The hearing also gave the Minister and the charity’s Transition Trustees the opportunity to provide a broader report on progress to deliver a fully operational charity in 2012.
The hearing was chaired by the Rt Hon Alun Michael MP and attended by a number of MPs and representatives of a wide range of organisations which play important roles in relation to our canals and other waterways.
This communiqué has been approved by the All Party Group as an accurate summary of the discussion and the Group also approves its publication and distribution to waterways stakeholders and other interested parties.
Anglesey Basin, Chasewater – Wyrley & Essington Canal
Key issues covered in Richard Benyon’s statement, as a response to the All Party Group Memorandum, were Canal & River Trust governance and financing, and waterways classification.
Governance: the Minister reported that progress had been made on what both Government and the Trust’s Transition Trustees believed was the right model on governance for the Trust to begin life.
There was now a target for 50% of the Council to be elected over time. On membership, the Trustees had decided that the charity should not have a membership for fund-raising purposes, believing that other means of raising funds and stimulating voluntary giving were more effective for fundraising than a formal membership.

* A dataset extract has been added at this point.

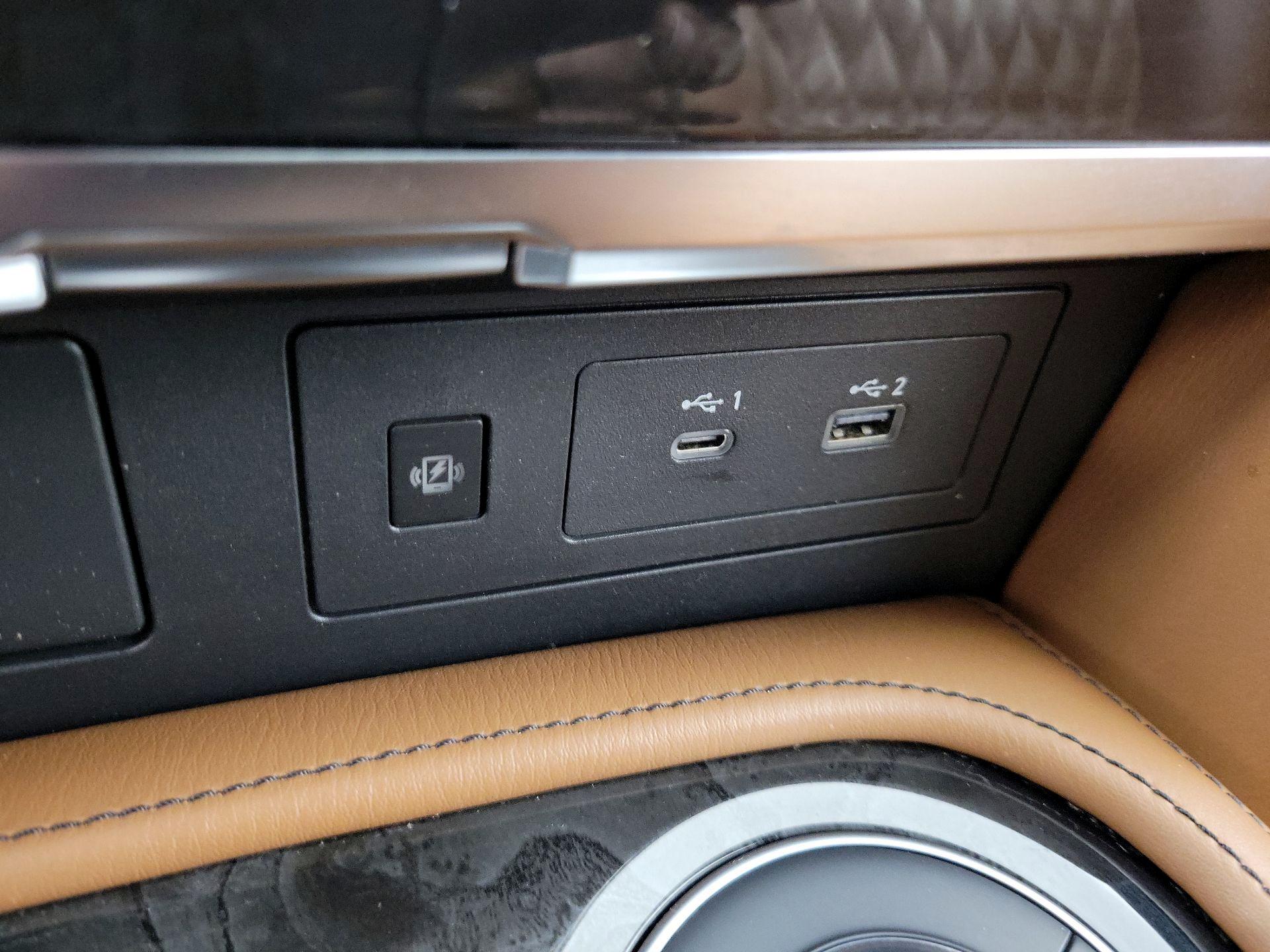 Thumbnail: 2023 INFINITI QX80 - 19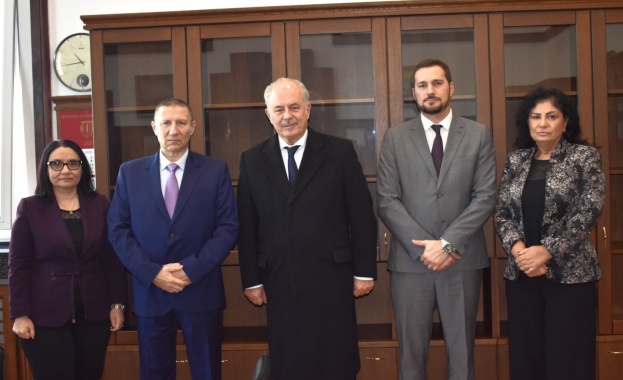 И ф главен прокурор Борислав Сарафов се срещна днес 14 11 2025 г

Funding: Richard Benyon could not say what government funding was going to be for the Trust since negotiations had not yet concluded. But he acknowledged that the negotiations were complex, including the issues of adequate maintenance of the canal network, mitigation of possible future liabilities arising from environmental or other legislative requirements and the staff’s pension arrangements.
He stressed that the Government was committed to a sustainable and prosperous future for the waterways, and that it wanted to give the Trust the best possible start that it could. He expected to be able to make announcements in the New Year.
Waterways classification: this had become an issue. The Inland Waterways Association had raised concerns about the proposed amendments to the system for classifying waterways in the Transport Act 1968 because it was concerned that the Trust would seek to reclassify “cruising” waterways to “remainder” waterways.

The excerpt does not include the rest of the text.